Since the early eighties, Matt Mullican has been working on a great, stratified metaphysical construction. Though close to an urban structure (since it is described by the fictive model of a city), this mental construction was never conceived for physical realization except in computer-generated images or in the form of scale models, drawings, or hypertext itineraries, as in his project for the website of documenta X. Conceived more as a cosmology than a utopia, Mullican's model city is based on an encyclopedic vocabulary of images and signs whose forms recall the pictographs one finds in public spaces, on roads or in airports. This vocabulary constitutes an elusive system of poetic indicators, highly specific to the artist (a group of concentric circles does not signify a simple target or all targets, but a very particular aim: heaven). Moreover, his sign system is grouped (or subdivided) into five essential colors each referring to precise sets: red encompasses the Subjective (pure meaning), black is for Language (signs and symbols), yellow is what he calls the World Framed (a microcosm of the whole), blue is the World Unframed (close to the world in which we exist), and green denotes the Elements (natural and raw).

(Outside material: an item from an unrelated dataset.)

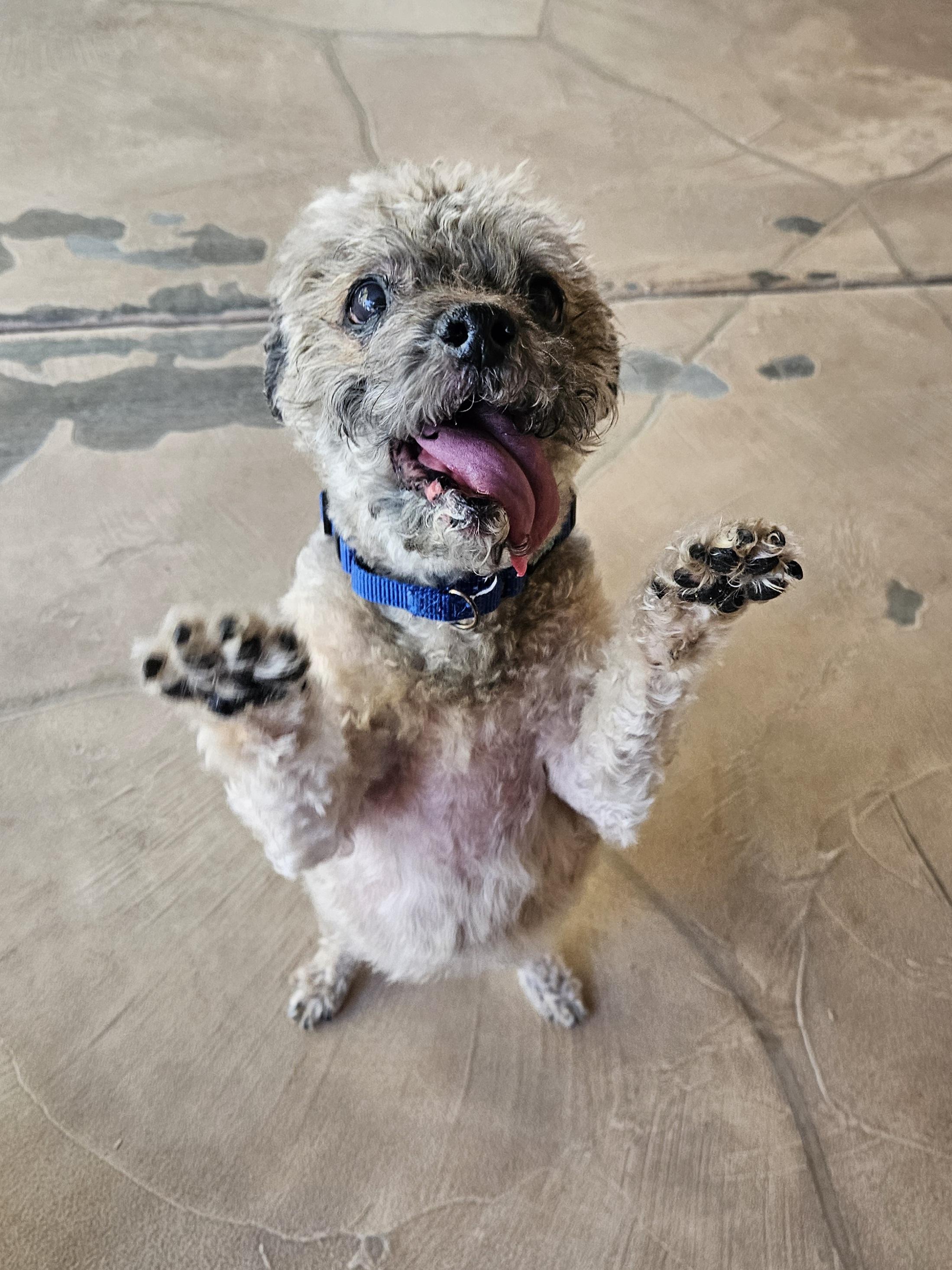 Enlarge Timmy, a Adopted mixed breed in New River, AZ image 5/5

His project for documenta, Up to 625, functions on a structure accessed through the five key colors. A first image in five colors ramifies into five images, which in turn lead to twenty-five, and so on up to a corpus of 625 images. As the visitor moves through the website she is led to penetrate deeper and deeper into the structure, reaching increasingly precise elements. The overall, abstract vision of the initial images gradually gives way to concrete and particular objects, whose location simultaneously becomes less evident. Indeed, the arborescent pathway lends the deeper-level images a more intimate quality. Seeing them all would require a systematic process of remounting and redescending so as to explore each of the available paths.

In this respect, Matt Mullican has made good use of the hypertext potential of the net. The visitor is encouraged to wander fluidly and rapidly through the structure and the images of the website, as though in an urban grid with all it contains.